Joaquin M. Alzola, PhD

Process Engineer, Intel

Joaquin grew up in a town called Vienna, Virginia, just outside the nation’s capital. He attended Cornell University in New York, pursuing an undergraduate degree in chemistry, and became involved in independent research during his junior year, developing synthetic methodology for conjugated materials. Following graduation, Joaquin attended Northwestern University in Illinois for his PhD, working in developing organic materials for solar cell applications. He moved to Portland, Oregon in 2021 to pursue a career with Intel. Outside of work, he enjoys boxing, hiking around the city, playing pool, and attending concerts.

Aleksander Prominski, PhD

Product Engineer, Lam Research

Aleksander is a product engineer at Lam Research and works on developing wafer fabrication equipment for plasma etch that enables sub-20 nm logic nodes and 3D NAND memory applications. He also drives projects that focus on improving environmental sustainability in the semiconductor industry. Aleksander received his PhD from the Department of Chemistry at the University of Chicago in 2022. During his graduate studies he was developing photoelectrochemical materials for bioelectronic stimulation and tools for machine vision-enabled autonomous bioengineering research. While at the University of Chicago, he worked with the Polsky Center for Entrepreneurship on developing strategies for translating academic discoveries in nanomaterials into solutions for biomedical applications.

EW Malachosky, PhD

Senior Process Engineer, QDIR

EW is the second employee of and a Senior Process Engineer at QDIR, a nanotechnology startup that seeks to make inexpensive infrared detectors using quantum dots.

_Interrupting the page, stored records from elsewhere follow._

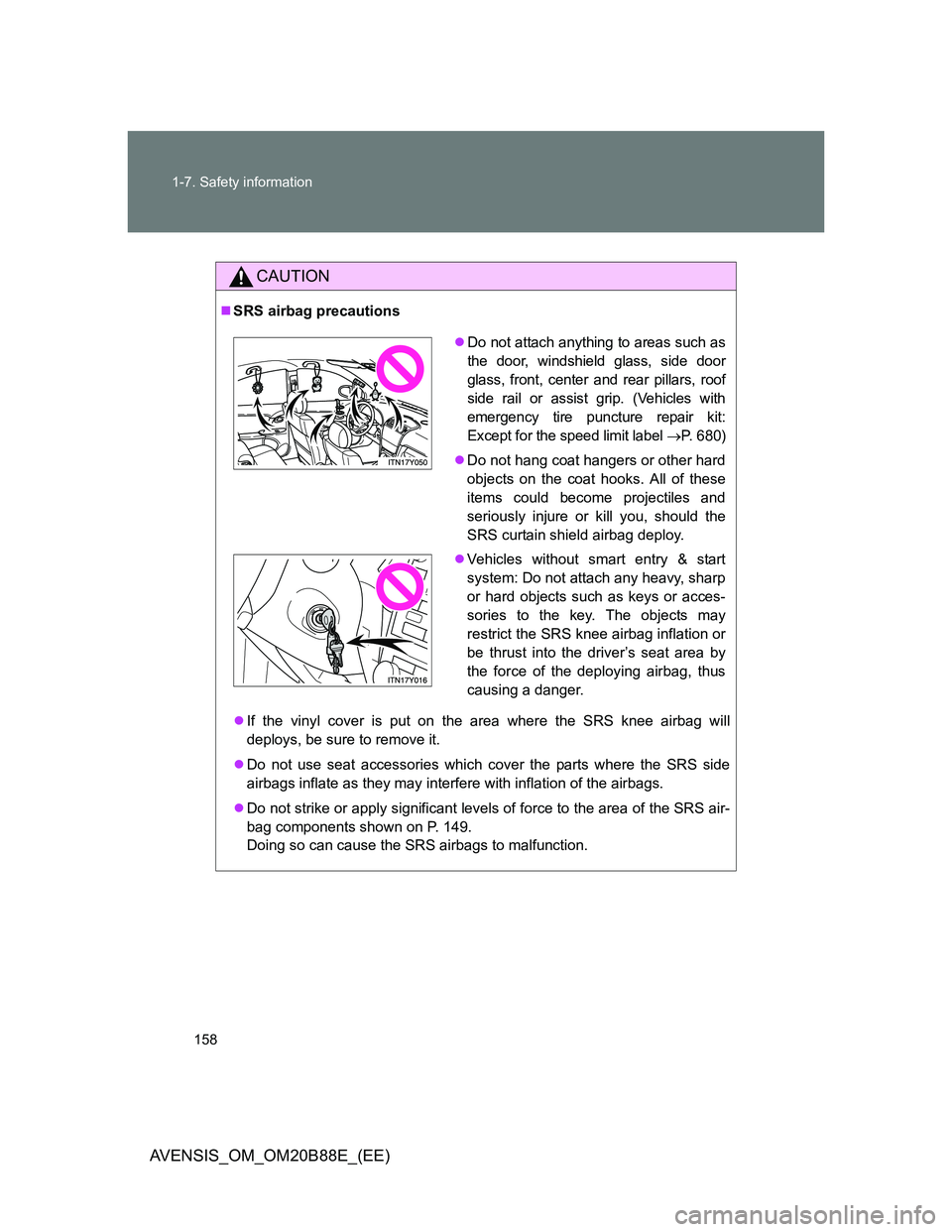 TOYOTA AVENSIS 2014  Owners Manual (in English) 158 1-7. Safety information
AVENSIS_OM_OM20B88E_(EE)
CAUTION
SRS airbag precautions
If the vinyl cover is put on the area where the SRS knee airbag will
deploys, be sure to remove it.
Do not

His primary responsibility is to create the process that manufactures the detectors, though he spends time reviewing grants, talking to customers and potential investors, and reviewing manufacturing space as well. Before QDIR, EW was a Lithography Process Engineer at Intel in Hillsboro, Oregon, where he worked on a variety of projects across the 14, 10, and 7 nm nodes. EW earned his PhD from the University of Chicago’s Department of Chemistry studying inorganic nanomaterials in the lab of Philippe Guyot- Sionnest.

Dana Sauter, PhD

Global Customer Quality Director, Entegris

Dana Sauter is the Global Customer Quality Director at Entegris, previously CMC Materials, with over 10 years’ experience in the semiconductor industry. In this role, her team is responsible for interfacing with the customer to solve and enable solutions to their quality issues. Prior to this, Dana served as global supplier quality manager for the Slurry, Pads and Electronic Chemical business units, overseeing incoming raw material quality. She started her journey at CMC Materials in 2013 in R&D slurry, moving to Commercialization, facilitating technology for new node development. Dana received a bachelor’s in chemistry from Albion College, Albion, MI, a Ph.D in analytical chemistry from Northwestern University and recently a MBA from the University of Illinois. She is die-hard Chicago Bears and Sky fan.